10 October 2018, News Wires — U.S. President Donald Trump will seek to lift a federal ban on summer sales of higher-ethanol blends of gasoline on Tuesday, a senior White House official said, delivering on a move long sought by anxious Midwestern farmers ahead of the Nov. 6 elections.
The move will be coupled with restrictions on the multibillion-dollar biofuel credit trading industry sought by merchant refiners like Valero Energy Corp and PBF Energy Inc. Those rules would be aimed at retailers and oil majors accused by merchant refiners of hoarding the credits and driving up the cost of complying with biofuels blending laws.
The U.S. Environmental Protection Agency currently prohibits summer sales of gasoline blended with 15 percent ethanol, or E15, due to smog concerns.

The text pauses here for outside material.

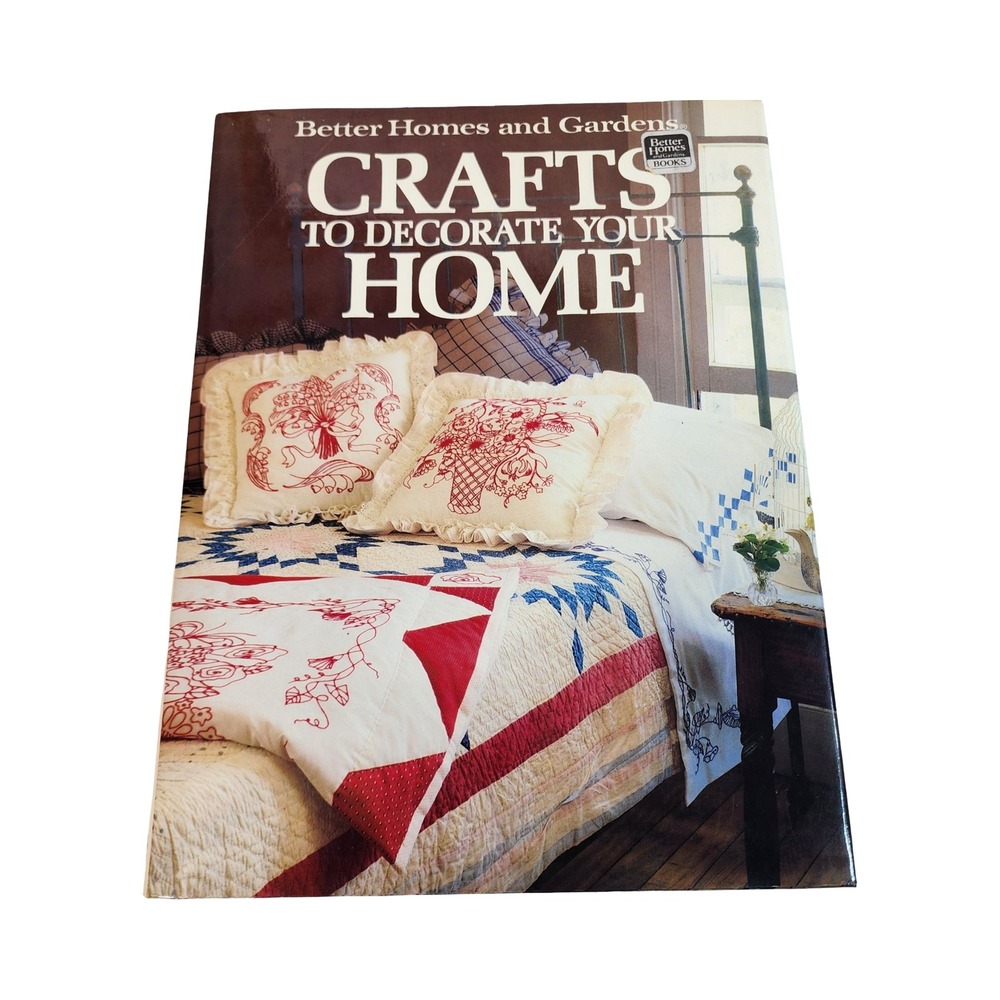 Better‎ Homes and Gardens Crafts to Decorate Your Home Hardcover 1986 0696014904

Because ethanol is cheaper than gasoline, the administration hopes it will bring down retail prices, which currently average $2.91 a gallon, more than 40 cents higher than this time a year ago, according to the American Automobile Association.
The announcement will mark the end of a months-long effort by the White House to bring rival corn and oil industries together over reforms to boost ethanol demand while alleviating compliance costs for refiners. The rival camps cut across Trump’s strong base of rural voters and blue-collar workers,
The refining industry came out against the proposal, arguing they should have gotten more than trade restrictions in exchange for lifting the summer ban.
“The president has promised to broker a deal to reform the RFS that works for all stakeholders. This isn’t it,” Chet Thompson, chief executive of the American Fuel and Petrochemical Manufacturers, said in an statement.
Trump plans to hold a closed-door event with ethanol producers in Washington before a rally in Council Bluffs, Iowa, on Tuesday to highlight the change. Council Bluffs is in a moderate congressional district represented by incumbent Republican Dave Young, who is locked in a tight race.
“Rural America needs a shot in the arm, and this is it,” said Emily Skor, chief executive officer of Growth Energy, a biofuel trade association.
Farmers have been frustrated with weak corn and soybean prices hurt by the trade war between the United States and China; Trump has promised the trade war with China will eventually boost the U.S. economy.
SALVE FOR REFINERS
The U.S. Renewable Fuel Standard requires refiners to blend increasing amounts of biofuels like ethanol into the fuel pool annually, or buy credits from competitors who do. Refining companies that buy the credits have complained about volatile prices.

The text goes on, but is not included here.